ABSTRACT

Progressive educational philosophies, associated with the names of Francis Parker, G.Stanley Hall, and John Dewey, among others, date back a century and have waxed and waned as prominent school reform discourses. Debates among advocates for different types of pedagogies persist on university campuses, in educational and popular journals, and at the community and school levels. Although the complexity of pedagogical and curricular preferences is recognized-hence the difficulty of classifying them-for purposes of the arguments put forth in this chapter, I cluster advocates into two camps: conservatives and progressives. Conservatives favor a technical or classical education in which knowledge is predetermined and aligned with subject matter disciplines, which are further sequenced into linear grade levels.
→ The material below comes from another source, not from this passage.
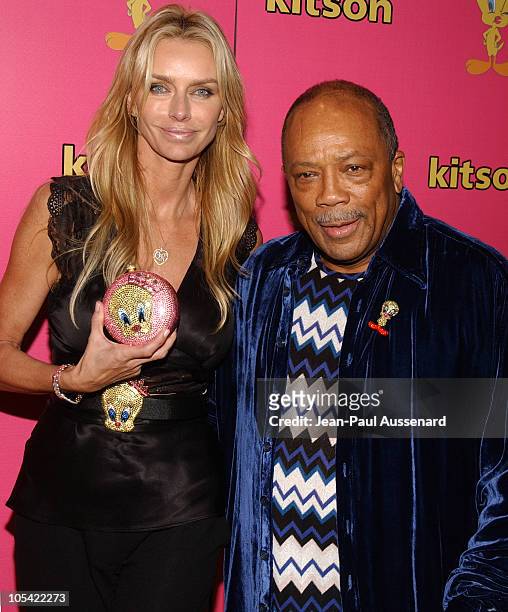 Kimberly Hefner and Quincy Jones during Tweety "Natural Blonde" Shopping Party and Clothing Launch - Arrivals at Kitson in Los Angeles, California,...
There are fairly rigid boundaries between subject area disciplines and also within ranked levels of achievement within subjects. The knowledge base is supposedly1 of Western European origin and therefore monocultural and assimilationist in perspective. For conservatives, the task of schooling is the transmission of traditional academic content through didactic pedagogy from a knowledgeable person (teacher) to one who knows less (student). Successful learners are to learn and retain prescribed subject content and literacy skills and demonstrate their knowledge and skills on standardized tests. Freire (1989) refers to this as the “banking concept” of education. Excellence is enforced through the top-down control of accountability standards and mandated competitive evaluation.2 Conservatives want to preserve the status quo-or return to a time perceived as being closer to conservative ideals-so their goals are to enhance students’ skills and credentials to prepare them for a place in a preexisting, hierarchically stratified postschool life.